You can get repeats of a NEW episode to qualify as NEW as long as they repeat within several days of the displayed OAD. My Daily Show NEW is my lowest priority because I know it can easily be bumped to not record at 8PM or 11PM and pickup tomorrows airing of that Episode ID. The same is true of a show that has a Wed OAD but repeats an airing on Sat night - it will still qualify as NEW on Sat if History doesn't indicated it WAS recorded (as part of a timer - I have manually recorded the tail end of something and then created a NEW timer for it and it will pickup a repeat airing and record it as NEW w/o manual restore).

At least that is my experience.


----------



## CABill (Mar 20, 2005)

hoophead said:


> This thread made me want to check it on my 722 but do not see it anywhere.
> Where is that found??


Could you use a word other than "it" to describe what you want to check?


----------



## GrumpyBear (Feb 1, 2006)

CABill said:


> The receiver keys off two non-displayed values for a show - a Show ID and an episode ID. 99% of the time, if the displayed episode number is NA, that holds true for the episode ID that is actually used. The unique Show ID changes for a show like Survivor, but carries from season to season for most others and also covers a show with a change in name onle.
> 
> Nothing in the "description" is used to determine NEW. The OAD doesn't have to be today to qualify for NEW. As long as Episode # isn't MIA, OAD just doesn't have to be too far in the past.
> 
> ...


Do you use a 722 or a 622? Your description is more like one of my older 510d's guide data. On my 722, my old 622, and on my new 722k, I can't get episdoes prior to today to record, if I am using New episodes. 
Only shows that have a NA, which also in the guide descripition, can I get a show that has either been aired prior, or is has already been recorded on my DVR to record again, as its either a dupicate, and skipped or skipped as its not New in the daily schedule. Granted most of my shows are weekly vs daily, except for the world cup games. Don't have much experience with shows that run the same episode 3 or for times in a week.


----------



## TulsaOK (Feb 24, 2004)

CABill said:


> Could you use a word other than "it" to describe what you want to check?


Or "that".


----------



## CABill (Mar 20, 2005)

GrumpyBear said:


> Do you use a 722 or a 622? Your description is more like one of my older 510d's guide data. On my 722, my old 622, and on my new 722k, I can't get episdoes prior to today to record, if I am using New episodes.
> Only shows that have a NA, which also in the guide descripition, can I get a show that has either been aired prior, or is has already been recorded on my DVR to record again, as its either a dupicate, and skipped or skipped as its not New in the daily schedule. Granted most of my shows are weekly vs daily, except for the world cup games. Don't have much experience with shows that run the same episode 3 or for times in a week.

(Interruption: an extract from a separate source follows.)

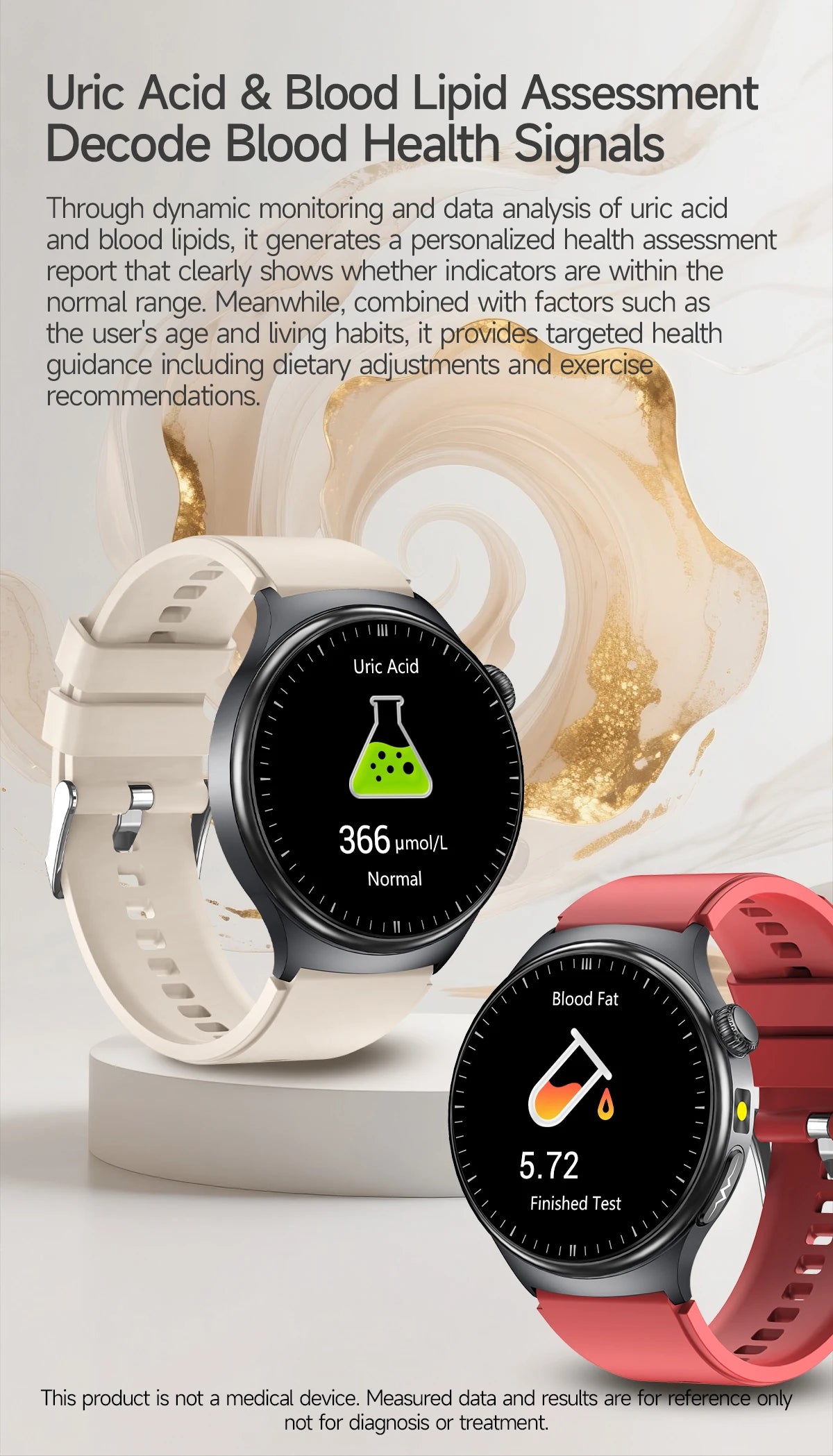 Nursing Grade Health Smartwatches For Men Women Precision Detection Heart Rate Blood Fats Uric Acid Blood Pressure ECG Smart Wat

My description applies to my 622 or 722, but also applied to a 942 and a 508 once NBR was added to the receiver. Some things are recent changes on the 722 like defaulting to New instead of All based on the selected item qualifying as NEW. To me, NA never appears in the "description" (nor does Rating or Critique). It may display for Episode but I don't see OAD ever displaying NA. Do you see NA after OAD or BEFORE it where Episode is displayed?
I do see:
Episode NA OAD m/d/y
but often the text becomes Year 
Episode NA Year YYYY
To me, the Year display is when OAD is NA or MIA.

ESPN is a bad channel to use because of the number of NA Episode numbers, but pick channel 140 in the guide and create a Sports Center timer. It defaults to New for all but a couple of airings. If I now pick Sports Center from Daily Recordings / Guide and display its Timer, the first ~20 airings will record but 21Jul 10AM (PDT) won't because that's the first one that doesn't display NA for Episode number. That is the first time the OAD makes a difference and is skipped because it is a week in the past (more than length of History). 2010 World Series of Poker Preview only appears at 5PM today but does show
Episode: N/A Original Air Date: 7/20/10
That qualifies as NEW because Episode is NA, not because OAD is today. The E:60 show also has N/A for Episode with today and a week from today for OAD.

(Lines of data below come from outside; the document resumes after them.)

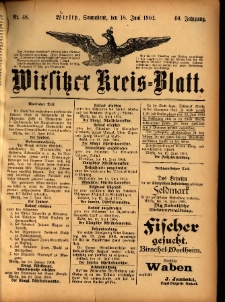 Wirsitzer Kreis-Blatt: herausgegeben vom Königlichen Landraths-Amte 1904.06.18 Jg.60 Nr48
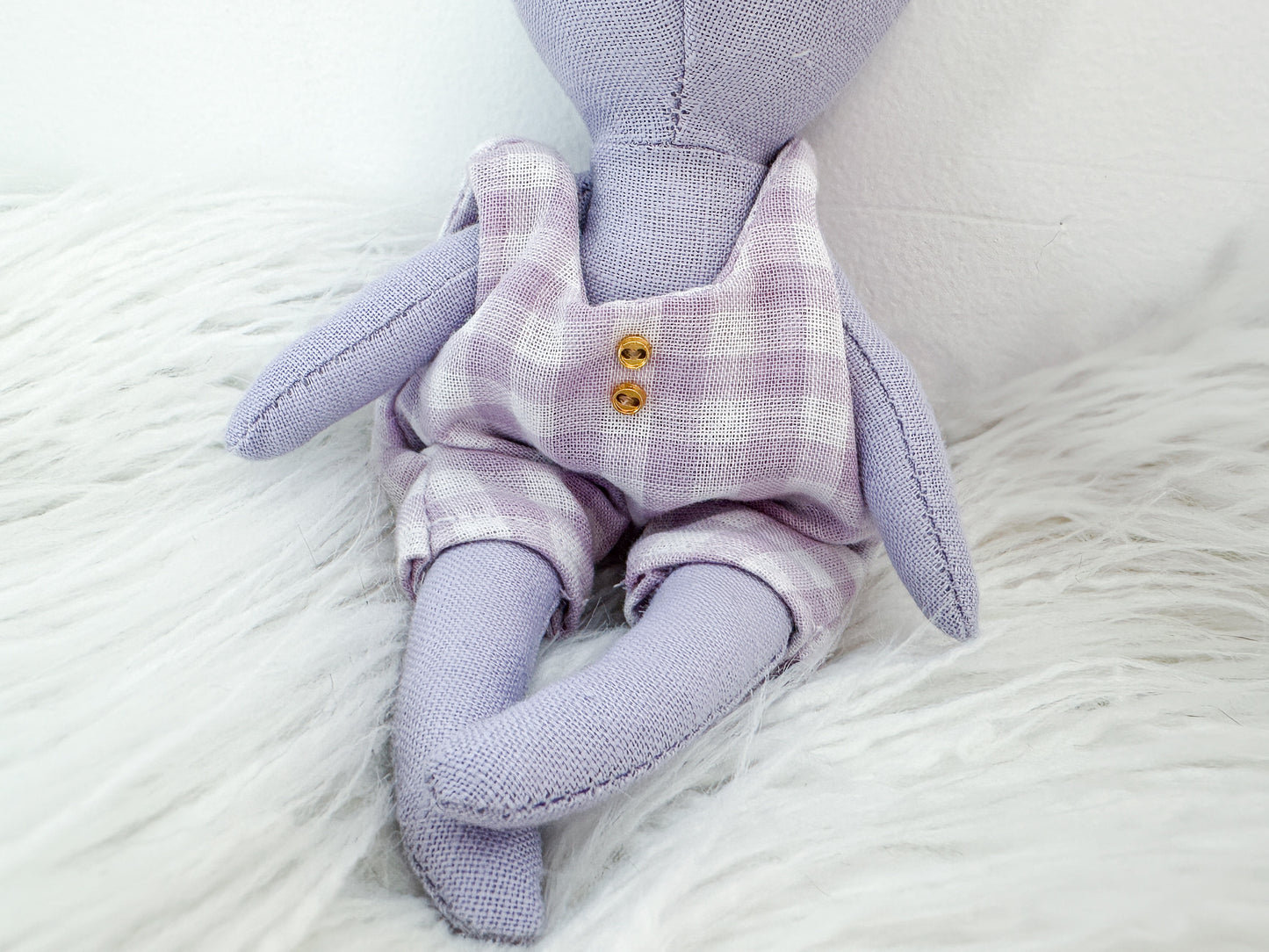 Mini Linen Bunny in Lilac Gingham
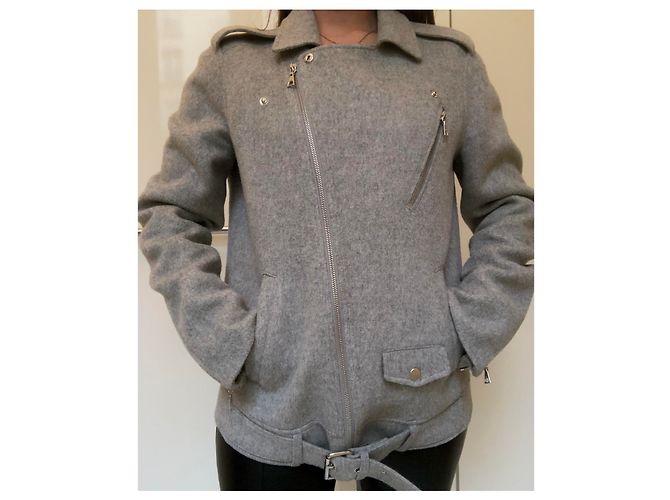 Theory giacca biker Tralsmin in misto lana e cashmere foderata Grigio - vista 5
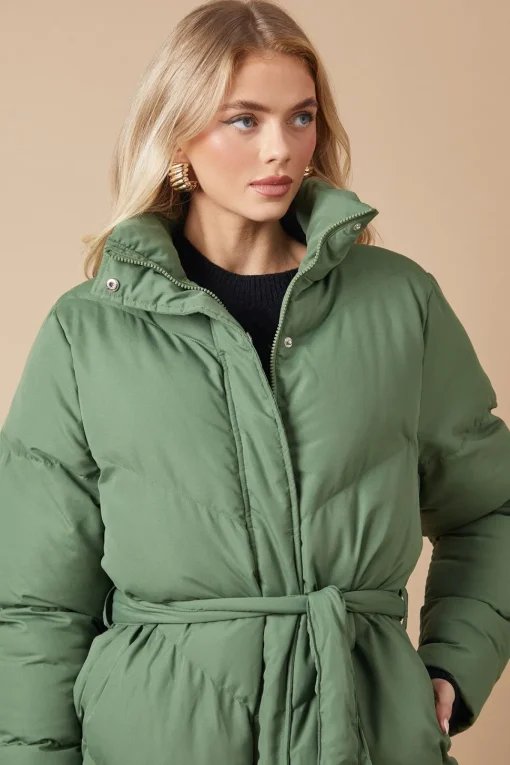 Belted Midi Padded Funnel Neck Coat
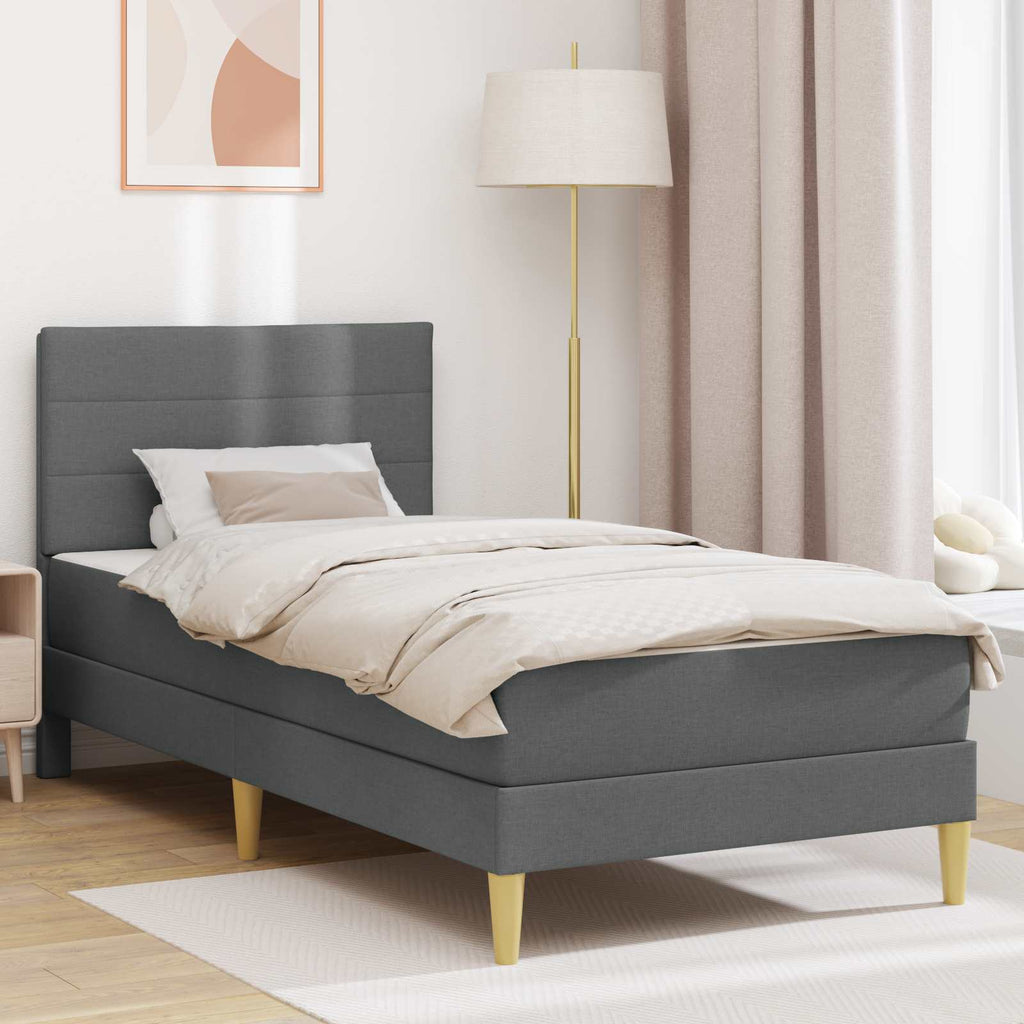 vidaXL Ramka łóżka Ciemnoszary 100 x 200 cm Poliester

When I use "description", I mean the text displayed inside a lighter blue rectangle - not anything outside the light blue area. Notice that all the Sports Center airings that will record (Episode NA) don't display an OAD, but rather a Year.

USA shows are much better than ESPN for having Episode # so pick channel 105 in the guide and pick Covert Affairs (White Collar would also work - pick one you don't already record). It is too late to record episode 1 as a New (without a Restore), but displaying its timer I see 7PM tonight as the first NEW that will record and 10PM won't. Pick the 7PM and select Skip and now the 10PM will record. Pick the 10PM and select Skip and the first Sat airing on 24 Jul is set to record. Skip the Sat and 25Jul is now set to record. Skip it and the 26Jul airing next Monday will record. To avoid Priority skips, you might want to make the timer be the top one. Priority skips are what usually get me a recording of a new episode a day or more after OAD.

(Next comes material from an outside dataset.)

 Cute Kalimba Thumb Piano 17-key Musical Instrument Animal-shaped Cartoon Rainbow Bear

Comedy Central's Daily Show & Colbert are my more typical NEW issues where Episode displays N/A for all airings during a week when they don't have real NEW episodes and for all the repeats shown every Monday.


----------



## hoophead (Feb 10, 2008)

CABill said:


> Could you use a word other than "it" to describe what you want to check?


I thought we were discussing "Maximum Recorded Events" setting?


----------



## TulsaOK (Feb 24, 2004)

When setting up a DVR event, it's under Options. Default is 20.


----------